Source material:
=====
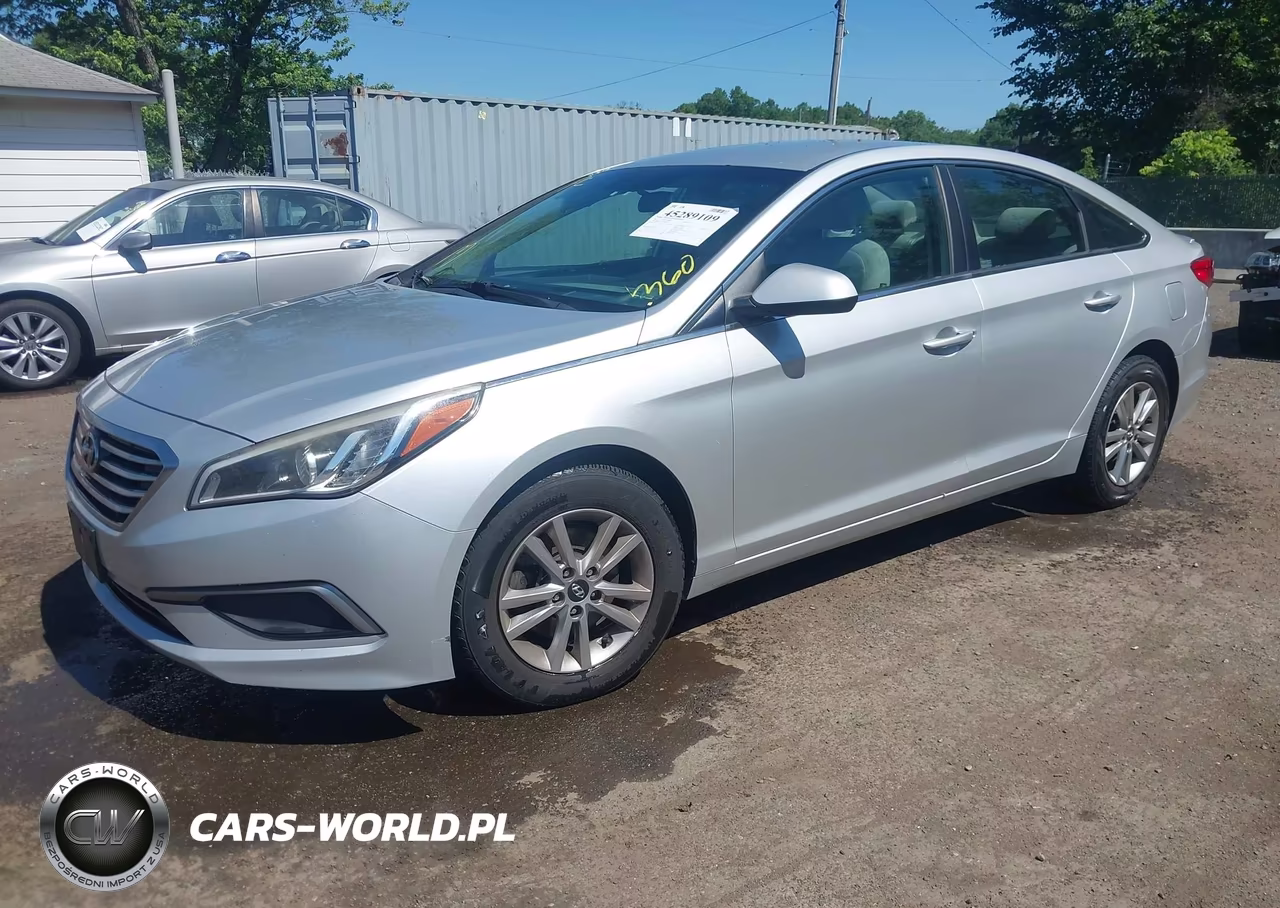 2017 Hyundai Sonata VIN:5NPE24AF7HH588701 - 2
=====
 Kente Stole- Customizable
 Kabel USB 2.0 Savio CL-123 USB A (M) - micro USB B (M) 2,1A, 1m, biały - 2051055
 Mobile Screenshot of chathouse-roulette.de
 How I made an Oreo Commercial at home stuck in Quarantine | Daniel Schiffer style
=====
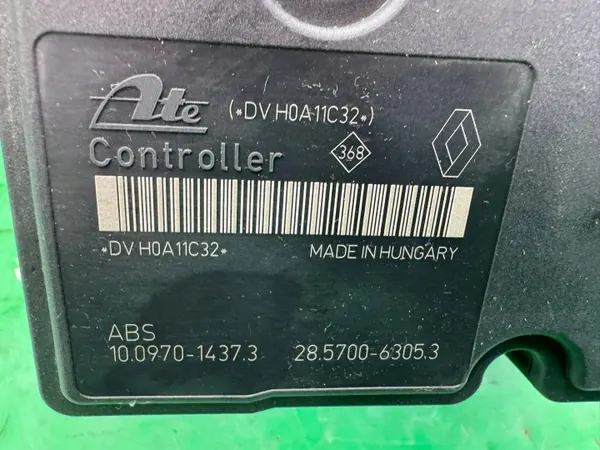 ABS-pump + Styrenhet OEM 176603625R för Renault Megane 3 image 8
=====
Instructions for the task: Please reproduce the lines from the line with "Kente Stole- Customizable" to the line with "How I made an", both ends included, exactly as they appear above.

Completed exercise:
 Kente Stole- Customizable
 Kabel USB 2.0 Savio CL-123 USB A (M) - micro USB B (M) 2,1A, 1m, biały - 2051055
 Mobile Screenshot of chathouse-roulette.de
 How I made an Oreo Commercial at home stuck in Quarantine | Daniel Schiffer style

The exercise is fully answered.